Items listed in a dataset:
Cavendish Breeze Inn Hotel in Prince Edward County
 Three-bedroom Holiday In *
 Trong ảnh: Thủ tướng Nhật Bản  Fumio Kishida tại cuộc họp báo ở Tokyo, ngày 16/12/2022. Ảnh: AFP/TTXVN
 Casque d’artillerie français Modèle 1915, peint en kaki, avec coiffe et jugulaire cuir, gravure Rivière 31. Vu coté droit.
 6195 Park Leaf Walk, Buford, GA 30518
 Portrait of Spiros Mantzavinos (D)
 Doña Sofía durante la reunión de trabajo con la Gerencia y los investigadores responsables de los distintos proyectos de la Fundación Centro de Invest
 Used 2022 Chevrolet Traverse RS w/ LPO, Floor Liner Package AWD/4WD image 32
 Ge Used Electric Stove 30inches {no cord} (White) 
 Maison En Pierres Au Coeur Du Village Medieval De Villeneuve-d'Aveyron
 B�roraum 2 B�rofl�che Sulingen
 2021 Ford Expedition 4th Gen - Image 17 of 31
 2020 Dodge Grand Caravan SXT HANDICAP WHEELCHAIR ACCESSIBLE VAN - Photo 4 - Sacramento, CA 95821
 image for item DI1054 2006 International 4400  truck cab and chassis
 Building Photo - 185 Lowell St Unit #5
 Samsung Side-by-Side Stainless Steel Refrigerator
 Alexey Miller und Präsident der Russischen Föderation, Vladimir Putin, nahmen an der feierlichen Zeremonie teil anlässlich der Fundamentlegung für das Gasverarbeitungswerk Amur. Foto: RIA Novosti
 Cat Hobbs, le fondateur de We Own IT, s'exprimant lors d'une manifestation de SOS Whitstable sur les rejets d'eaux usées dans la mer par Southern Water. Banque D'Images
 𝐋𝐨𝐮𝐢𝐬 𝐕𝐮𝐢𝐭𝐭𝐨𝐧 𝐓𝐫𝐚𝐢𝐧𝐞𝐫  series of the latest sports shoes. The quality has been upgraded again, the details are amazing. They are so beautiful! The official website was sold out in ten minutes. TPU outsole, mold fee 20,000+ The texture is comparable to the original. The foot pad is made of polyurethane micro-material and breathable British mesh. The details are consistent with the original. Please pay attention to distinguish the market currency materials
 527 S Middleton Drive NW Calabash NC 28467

(What to work on)
Using the data above, return each line that includes the word "Photo".

(Solution)
 2020 Dodge Grand Caravan SXT HANDICAP WHEELCHAIR ACCESSIBLE VAN - Photo 4 - Sacramento, CA 95821
 Building Photo - 185 Lowell St Unit #5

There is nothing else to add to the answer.